• **WHAT YOU ARE ASKED TO DO**: Could you print each entry below verbatim while omitting the pictures?

• **PROVIDED DATA**:
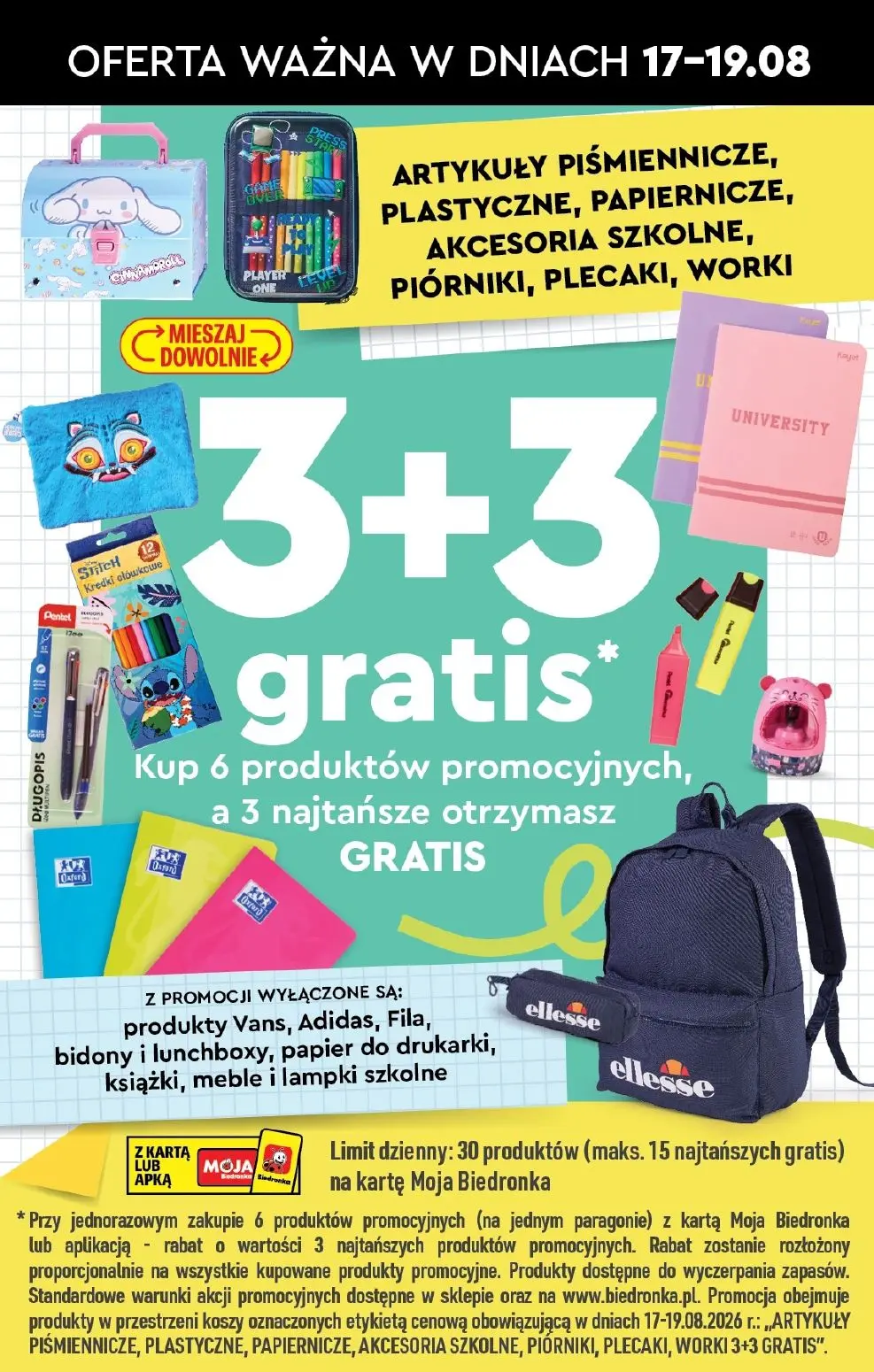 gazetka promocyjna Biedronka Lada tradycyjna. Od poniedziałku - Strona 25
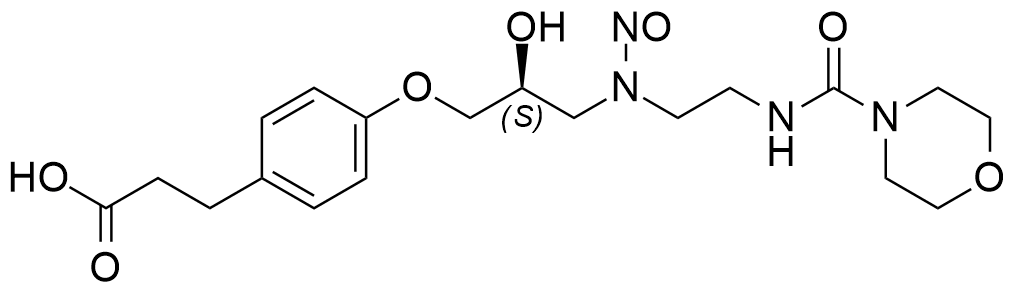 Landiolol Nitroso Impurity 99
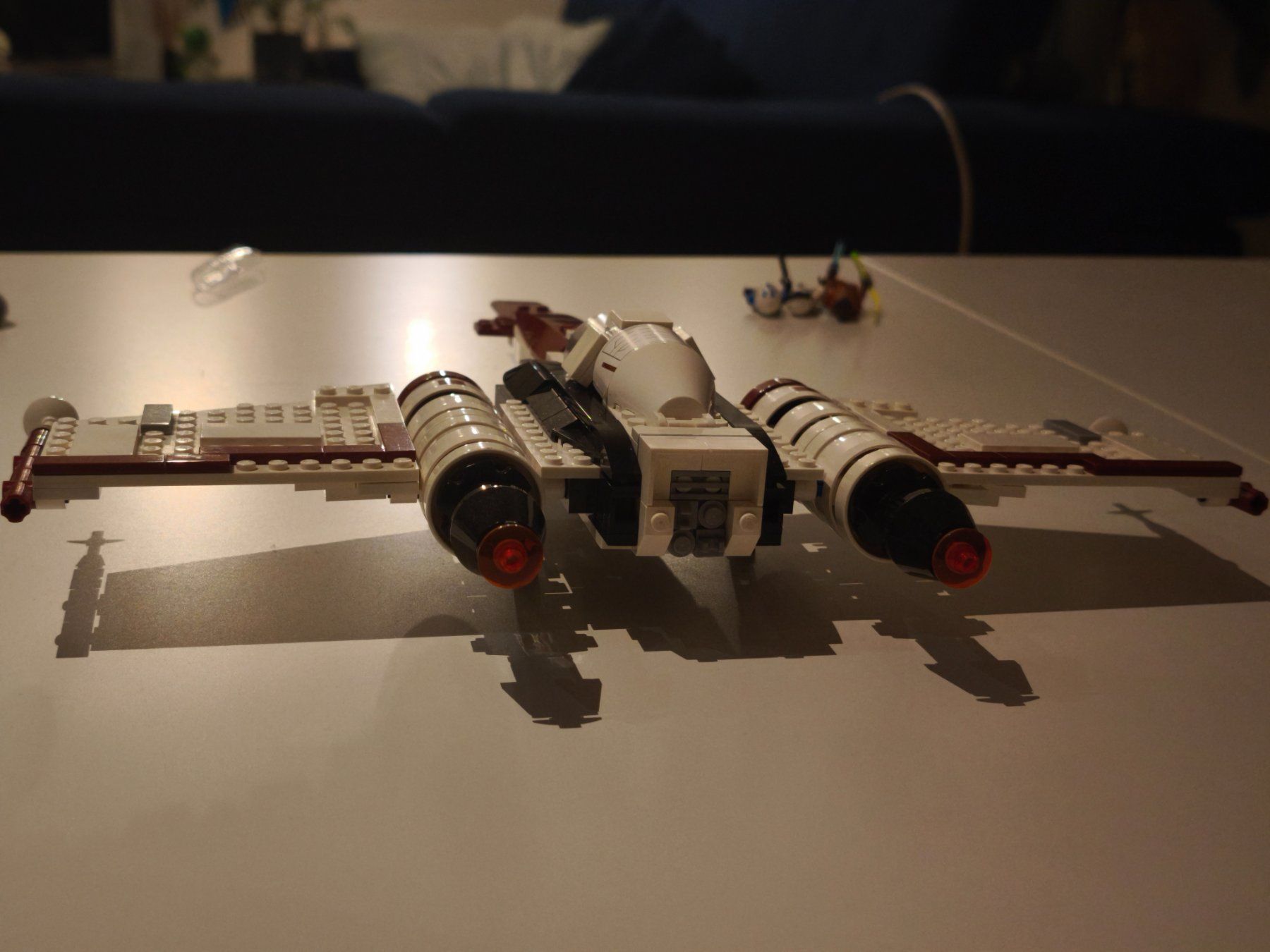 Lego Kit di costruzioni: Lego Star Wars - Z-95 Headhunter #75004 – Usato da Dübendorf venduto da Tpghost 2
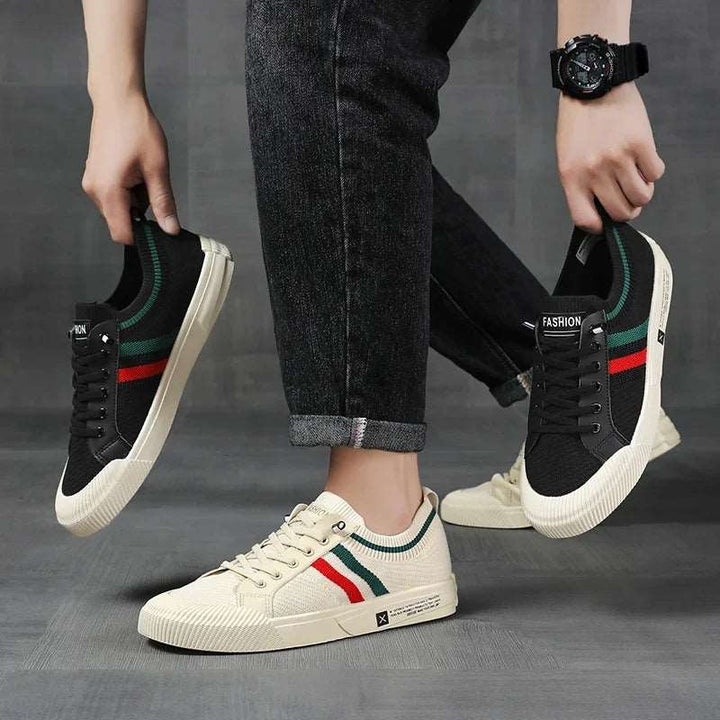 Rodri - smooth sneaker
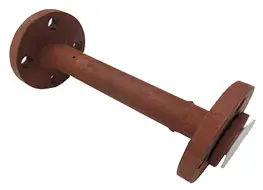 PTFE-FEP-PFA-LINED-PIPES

• **RESPONSE BOX**:
 gazetka promocyjna Biedronka Lada tradycyjna. Od poniedziałku - Strona 25
 Landiolol Nitroso Impurity 99
 Lego Kit di costruzioni: Lego Star Wars - Z-95 Headhunter #75004 – Usato da Dübendorf venduto da Tpghost 2
 Rodri - smooth sneaker
 PTFE-FEP-PFA-LINED-PIPES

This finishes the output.